In one embodiment, the GPE 410 couples with a command streamer 403, which provides a command stream to the GPE 3D and media pipelines 412, 416. The command streamer 403 is coupled to memory, which can be system memory, or one or more of internal cache memory and shared cache memory. The command streamer 403 receives commands from the memory and sends the commands to the 3D pipeline 412 and/or media pipeline 416. The 3D and media pipelines process the commands by performing operations via logic within the respective pipelines or by dispatching one or more execution threads to the execution unit array 414. In one embodiment, the execution unit array 414 is scalable, such that the array includes a variable number of execution units based on the target power and performance level of the GPE 410.
A sampling engine 430 couples with memory (e.g., cache memory or system memory) and the execution unit array 414. In one embodiment, the sampling engine 430 provides a memory access mechanism for the scalable execution unit array 414 that allows the execution array 414 to read graphics and media data from memory. In one embodiment, the sampling engine 430 includes logic to perform specialized image sampling operations for media.
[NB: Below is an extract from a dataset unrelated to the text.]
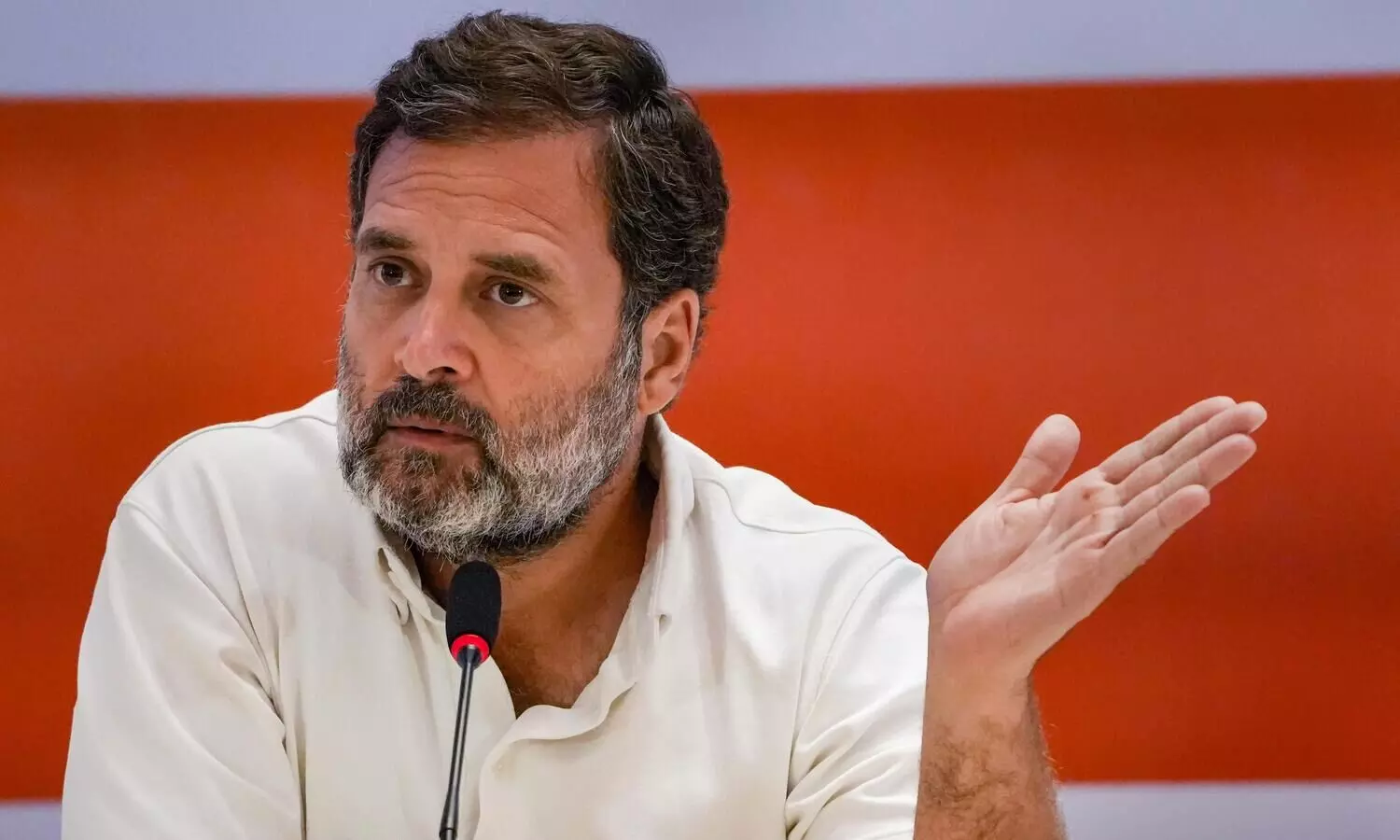 This election is to save democracy, Constitution: Rahuls appeal to voters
The specialized media sampling logic in the sampling engine 430 includes a de-noise / de-interlace module 432, a motion estimation module 434, and an image scaling and filtering module 436. The de-noise / de-interlace module 432 includes logic to perform one or more of a de-noise or a de-interlace algorithm on decoded video data. The de-interlace logic combines alternating fields of interlaced video content into a single fame of video. The de-noise logic reduces or remove data noise from video and image data. In one embodiment, the de-noise logic and de-interlace logic are motion adaptive and use spatial or temporal filtering based on the amount of motion detected in the video data. In one embodiment, the de-noise / de-interlace module 432 includes dedicated motion detection logic (e.g., within the motion estimation engine 434).
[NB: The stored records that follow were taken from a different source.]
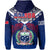 Samoa 685 Hoodie Uso Aso Uma Toa Samoa Rugby History Made LT13 - Wonder Print Shop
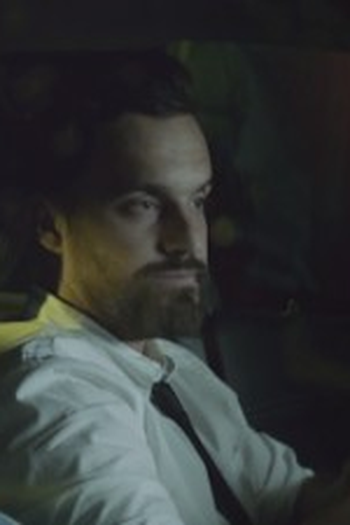 Poster de Episódio The American (2015)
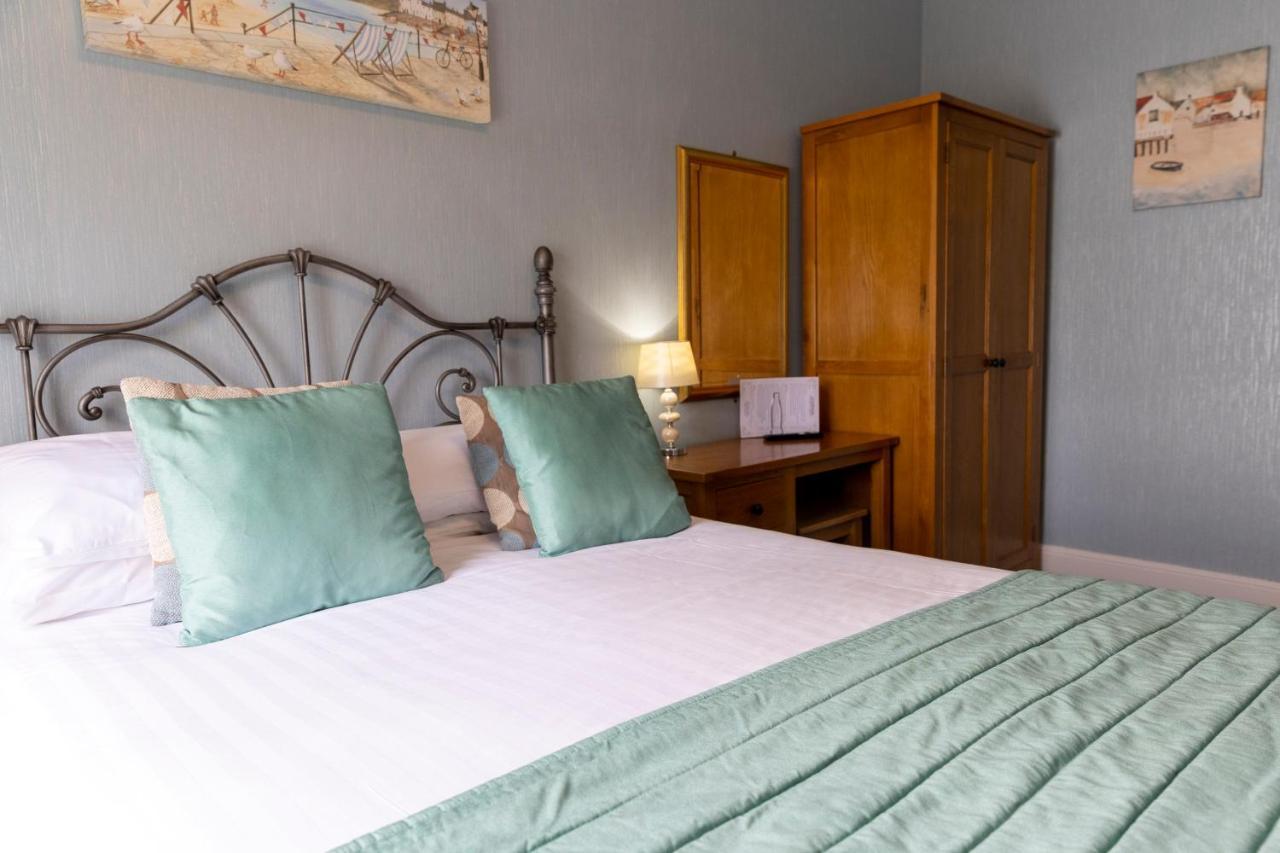 Furzedown Hotel Great Yarmouth Eksteriør bilde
The motion estimation engine 434 provides hardware acceleration for video operations by performing video acceleration functions such as motion vector estimation and prediction on video data. The motion estimation engine determines motion vectors that describe the transformation of image data between successive video frames. In one embodiment, a graphics processor media codec uses the video motion estimation engine 434 to perform operations on video at the macro-block level that may otherwise be computationally intensive to perform using a general-purpose processor. In one embodiment, the motion estimation engine 434 is generally available to graphics processor components to assist with video decode and processing functions that are sensitive or adaptive to the direction or magnitude of the motion within video data.
The image scaling and filtering module 436 performs image-processing operations to enhance the visual quality of generated images and video. In one embodiment, the scaling and filtering module 436 processes image and video data during the sampling operation before providing the data to the execution unit array 414.
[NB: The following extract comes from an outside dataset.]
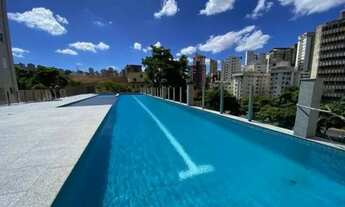 Imagem 3: Apartamento à venda, 2 quartos, 2 suítes, 2 vagas, Vila Paris - Belo Horizonte/MG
In one embodiment, the graphics processing engine 410 includes a data port 444, which provides an additional mechanism for graphics subsystems to access memory. The data port 444 facilitates memory access for operations including render target writes, constant buffer reads, scratch memory space reads/writes, and media surface accesses. In one embodiment, the data port 444 includes cache memory space to cache accesses to memory. The cache memory can be a single data cache or separated into multiple caches for the multiple subsystems that access memory via the data port (e.g., a render buffer cache, a constant buffer cache, etc.). In one embodiment, threads executing on an execution unit in the execution unit array 414 communicate with the data port by exchanging messages via a data distribution interconnect that couples each of the sub-systems of the graphics processing engine 410.
Execution Units - Figures 5-7
 Figure 5
is a block diagram of another embodiment of a graphics processor having a scalable number of graphics cores. In one embodiment, the graphics processor includes a ring interconnect 502, a pipeline front-end 504, a media engine 537, and graphics cores 580A-N. The ring interconnect 502 couples the graphics processor to other processing units, including other graphics processors or one or more general-purpose processor cores. In one embodiment, the graphics processor is one of many processors integrated within a multi-core processing system.
The graphics processor receives batches of commands via the ring interconnect 502. The incoming commands are interpreted by a command streamer 503 in the pipeline front-end 504. The graphics processor includes scalable execution logic to perform 3D geometry processing and media processing via the graphics core(s) 580A-N. For 3D geometry processing commands, the command streamer 503 supplies the commands to the geometry pipeline 536. For at least some media processing commands, the command streamer 503 supplies the commands to a video front end 534, which couples with a media engine 537. The media engine 537 includes a video quality engine (VQE) 530 for video and image post processing and a multi-format encode/decode (MFX) 533 engine to provide hardware-accelerated media data encode and decode. The geometry pipeline 536 and media engine 537 each generate execution threads for the thread execution resources provided by at least one graphics core 580A.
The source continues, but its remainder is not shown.